Even if you're liberal about fixing known bugs, and you're conservative about installing unneeded software, problems will occur. Many of these problems will be detected and reported by your users before you know anything is wrong. Tracking down those reported problems is as much an art as a science.
The art of troubleshooting is your intuition about the state of your server and the network, and your insight into the accuracy of the user's problem report. I don't say this to demean the intelligence of the user reporting the problem because I'm as guilty of providing inaccurate trouble reports as the next guy. When under stress, I have completely misunderstood very clear instructions and have reported a problem when the only real problem was my lack of time to carefully read the instructions. Thus, you cannot assume too much from the trouble report, and you need to be methodical in applying your own knowledge to the problem. Here are some suggestions:
• Duplicate the problem yourself and then have the user duplicate the problem while you walk him through it. This often eliminates problems that spring from user confusion.

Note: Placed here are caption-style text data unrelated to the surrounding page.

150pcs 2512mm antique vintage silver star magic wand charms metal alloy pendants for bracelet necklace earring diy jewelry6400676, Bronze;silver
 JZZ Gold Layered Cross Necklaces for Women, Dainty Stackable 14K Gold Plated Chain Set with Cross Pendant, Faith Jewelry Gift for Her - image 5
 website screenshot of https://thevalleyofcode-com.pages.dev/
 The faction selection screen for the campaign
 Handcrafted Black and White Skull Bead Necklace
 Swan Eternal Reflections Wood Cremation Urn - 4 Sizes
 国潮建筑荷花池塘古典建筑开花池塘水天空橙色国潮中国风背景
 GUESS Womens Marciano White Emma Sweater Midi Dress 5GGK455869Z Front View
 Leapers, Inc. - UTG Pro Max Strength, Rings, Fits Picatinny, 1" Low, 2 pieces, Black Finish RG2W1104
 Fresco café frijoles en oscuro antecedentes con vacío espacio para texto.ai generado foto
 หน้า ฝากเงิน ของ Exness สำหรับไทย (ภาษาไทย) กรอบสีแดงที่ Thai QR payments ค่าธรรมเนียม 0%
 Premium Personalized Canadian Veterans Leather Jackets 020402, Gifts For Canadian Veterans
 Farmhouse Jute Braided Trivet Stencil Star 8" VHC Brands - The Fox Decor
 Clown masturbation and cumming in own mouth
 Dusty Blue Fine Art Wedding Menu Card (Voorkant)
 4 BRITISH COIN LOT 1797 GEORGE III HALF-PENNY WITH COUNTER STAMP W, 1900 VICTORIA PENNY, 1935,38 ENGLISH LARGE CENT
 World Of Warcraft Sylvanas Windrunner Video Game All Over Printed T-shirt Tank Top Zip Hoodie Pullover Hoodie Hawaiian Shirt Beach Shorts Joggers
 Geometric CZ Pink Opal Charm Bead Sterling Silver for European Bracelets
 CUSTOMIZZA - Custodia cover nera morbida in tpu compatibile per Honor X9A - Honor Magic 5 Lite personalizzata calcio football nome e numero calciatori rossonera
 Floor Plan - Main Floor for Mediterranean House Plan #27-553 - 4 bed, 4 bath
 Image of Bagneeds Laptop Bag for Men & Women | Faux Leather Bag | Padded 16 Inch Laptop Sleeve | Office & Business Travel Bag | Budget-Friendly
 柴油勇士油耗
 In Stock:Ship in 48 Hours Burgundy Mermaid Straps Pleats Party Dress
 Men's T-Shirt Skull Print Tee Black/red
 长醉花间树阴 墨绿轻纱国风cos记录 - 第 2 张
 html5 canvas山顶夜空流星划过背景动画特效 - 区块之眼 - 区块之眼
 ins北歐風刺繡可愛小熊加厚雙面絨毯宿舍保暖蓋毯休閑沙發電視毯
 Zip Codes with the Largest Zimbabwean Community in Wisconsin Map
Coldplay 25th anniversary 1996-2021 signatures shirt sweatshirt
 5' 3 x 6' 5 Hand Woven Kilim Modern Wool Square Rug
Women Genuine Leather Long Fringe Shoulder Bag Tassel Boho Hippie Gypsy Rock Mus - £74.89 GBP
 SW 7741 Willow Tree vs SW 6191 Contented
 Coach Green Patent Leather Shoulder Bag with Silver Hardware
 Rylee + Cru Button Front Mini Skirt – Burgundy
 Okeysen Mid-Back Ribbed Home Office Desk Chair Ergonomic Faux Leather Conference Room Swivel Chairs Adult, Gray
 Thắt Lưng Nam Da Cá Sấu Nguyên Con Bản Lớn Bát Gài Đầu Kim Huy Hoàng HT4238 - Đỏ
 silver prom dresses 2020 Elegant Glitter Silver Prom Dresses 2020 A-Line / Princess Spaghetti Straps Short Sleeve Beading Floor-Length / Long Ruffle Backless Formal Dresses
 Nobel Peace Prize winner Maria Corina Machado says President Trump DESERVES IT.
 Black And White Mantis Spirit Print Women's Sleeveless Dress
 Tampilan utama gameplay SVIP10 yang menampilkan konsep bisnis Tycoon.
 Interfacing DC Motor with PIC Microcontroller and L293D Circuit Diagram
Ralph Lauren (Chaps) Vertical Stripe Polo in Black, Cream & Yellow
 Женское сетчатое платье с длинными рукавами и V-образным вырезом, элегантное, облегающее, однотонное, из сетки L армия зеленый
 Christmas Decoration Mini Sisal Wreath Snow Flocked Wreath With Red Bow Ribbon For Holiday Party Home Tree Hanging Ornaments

• Avoid oversimplification. The problem is not always a confused user. In a networked server, the problem can occur in any part of the network hardware or software, from your system to the remote system.
• Divide a complex problem into pieces and test the individual pieces to isolate the problem.
The science of troubleshooting is your knowledge of how your server and the network operate, and the tools that are available to conduct empirical tests of the server and the network. Your knowledge helps you focus on the proper area for testing, and helps you select the proper tools for testing that area. Here are some guidelines to help you make those decisions:
• If the problem occurs on outbound connections, it is probably unrelated to any of the network daemons running on your server. Use ifconfig to check the configur-ation of the network interface, ping to test the basic connectivity, and traceroute to test the route to the remote server. Talk with the administrator of the remote server to ensure that they are offering the service requested by the user and that it is properly configured.
• If the problem occurs on inbound connections, make sure that your system is running the required daemon. Connect to the daemon from the local host to make sure that it is running. If the daemon is running, ensure that it is properly configured. Check to make sure that the remote system is allowed access to the server by the enterprise firewall and by host-based access controls.
• If the problem occurs on only one client, concentrate on testing that client. If the problem happens for many clients, concentrate on the network and the server.